Three big tech companies are being pressed over the environmental implications of their projects, as investors flag water risk as an emerging threat by data center power surges.

Microsoft, Amazon and Google are actively expanding their computing power, and more than a dozen investors are seeking more data on power and water usage ahead of upcoming spring shareholder meetings.

Scrutiny by Trillium Asset Management claims that Alphabet left investors "in the dark" about meeting sustainability goals. In 2020, Alphabet pledged to halve its emissions and use carbon-free energy sources by 2030 – however, Trillium claims emissions rose by 51%. 
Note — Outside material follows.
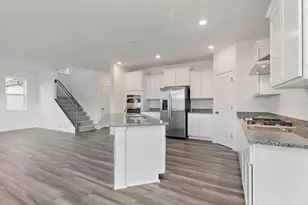 32069 Savannah Dr, Lakemoor, IL 60051 - Photo 11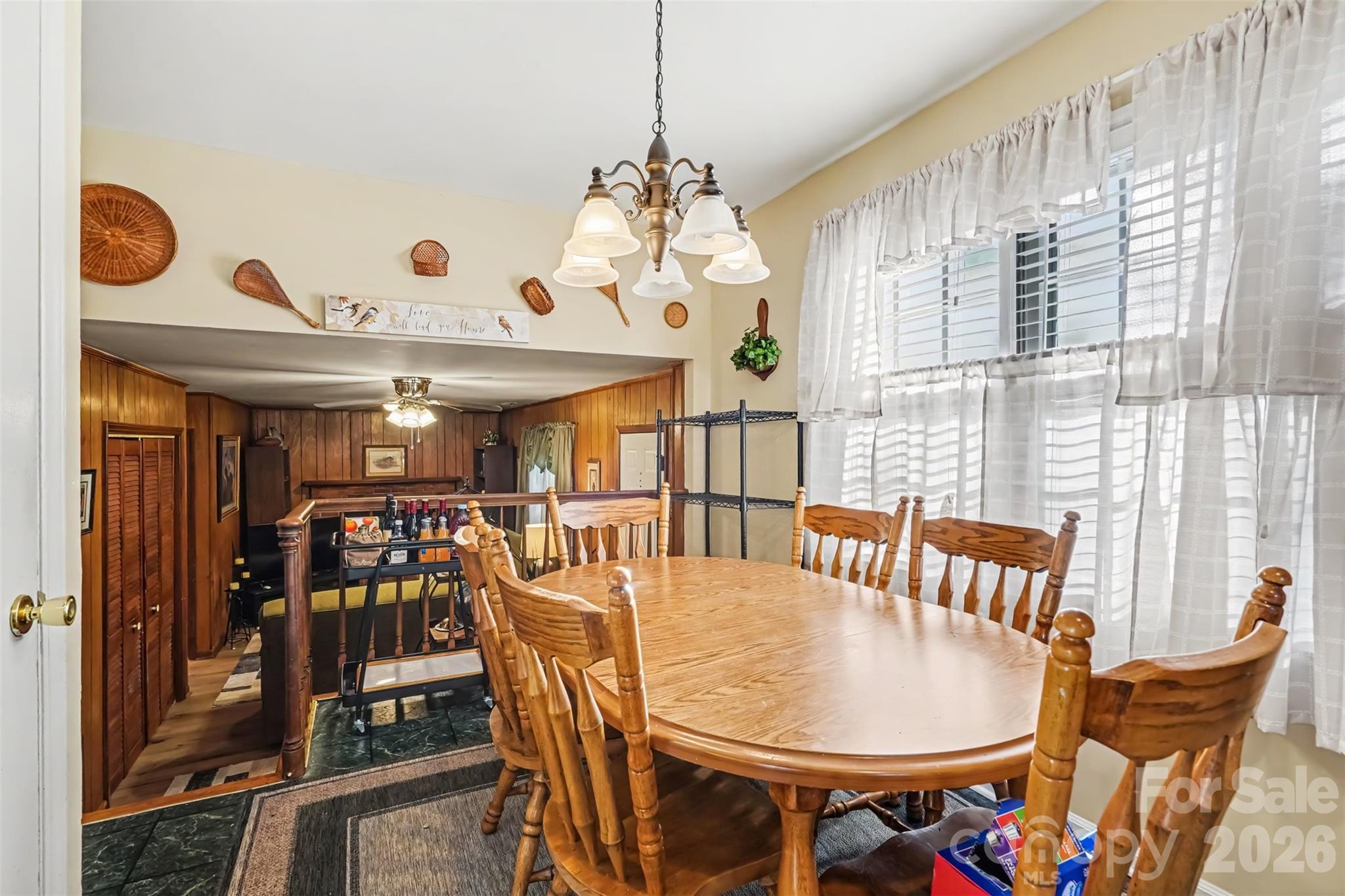Single Family Residence at 4701 Farm Pond Lane, Charlotte, photo 8 of 23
The Boston-based firm, worth more than US$4bn in assets under management, filed a resolution with Alphabet in December last year seeking clarity on how the tech giant will meet sustainability targets given the demand of its data centres, according to reports from Reuters.
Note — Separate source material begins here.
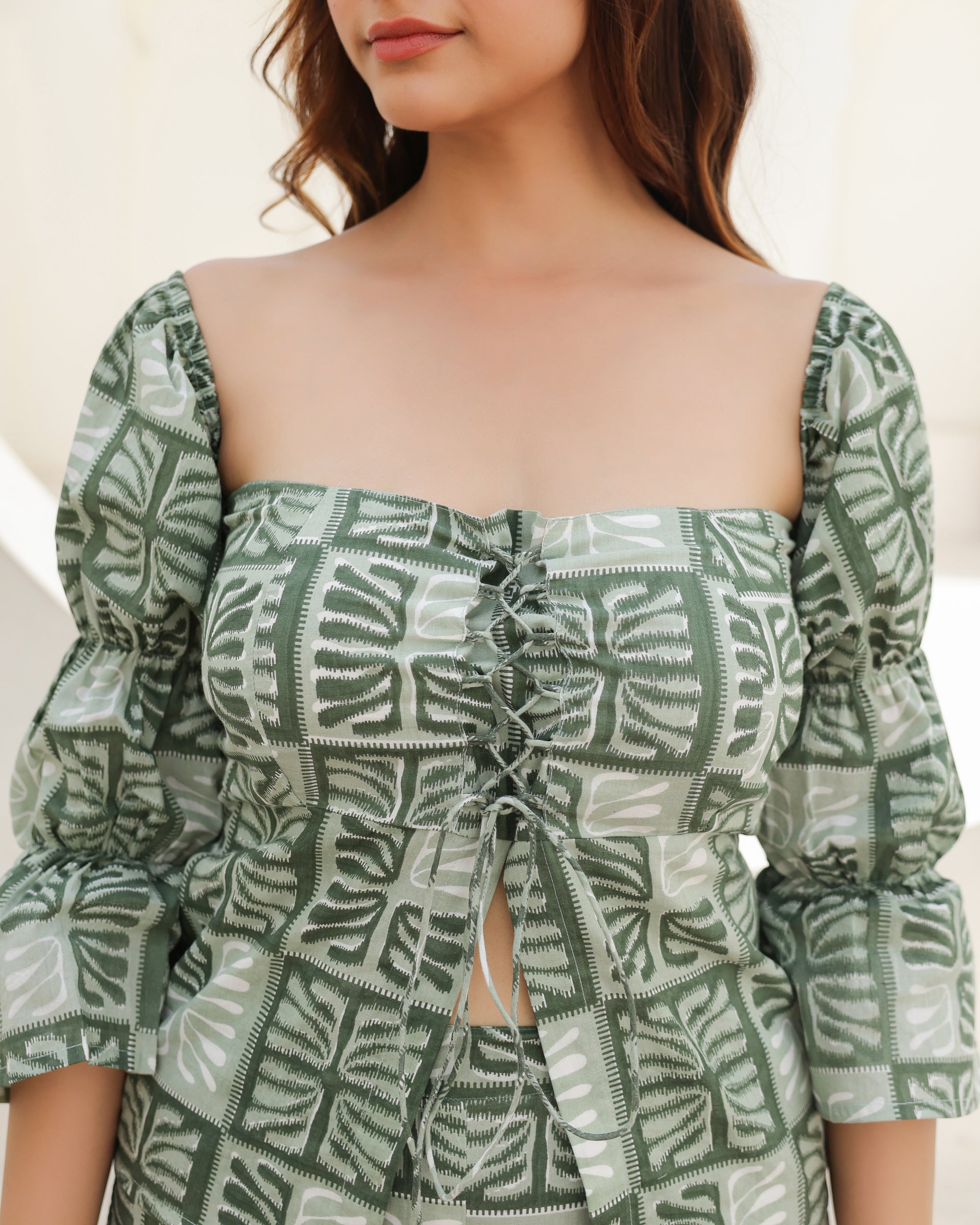 Women's Tropical Sage Leaf Printed Puff Sleeve Co-Ord Set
(Credit: Google Sustainability Report 2025)

Why are tech giants under fire?

The pressure from investors comes as all three companies have recently scrapped construction plans for multi-billion dollar data centres following pushback from locals.

Water usage is a significant concern for investors assessing data centre sustainability. According to market research cited by Reuters, North American data centres used nearly one trillion litres of water in 2025, roughly equivalent to the annual demands of New York City.

Despite efforts to improve efficiency, disclosure remains inconsistent across company reports. In its 2025 sustainability report, Meta revealed water usage for sites it owns but excluded leased or developing locations.

Its total consumption has risen from 3,726 megalitres in 2020 to 5,637 megalitres in 2024, which equates to enough water to supply more than 13,000 homes for a year.

Meta's Denmark data centre in Odense, which has had 10 billion kr of investment, equivalent to US$1.5bn (Credit: Meta)

Google's 2025 environmental report showed data covering owned and leased facilities but omitted third-party sites.

Microsoft provided total water usage figures but did not break them down by location.

Amazon took a different approach, disclosing water use relative to power consumption rather than revealing total water usage data.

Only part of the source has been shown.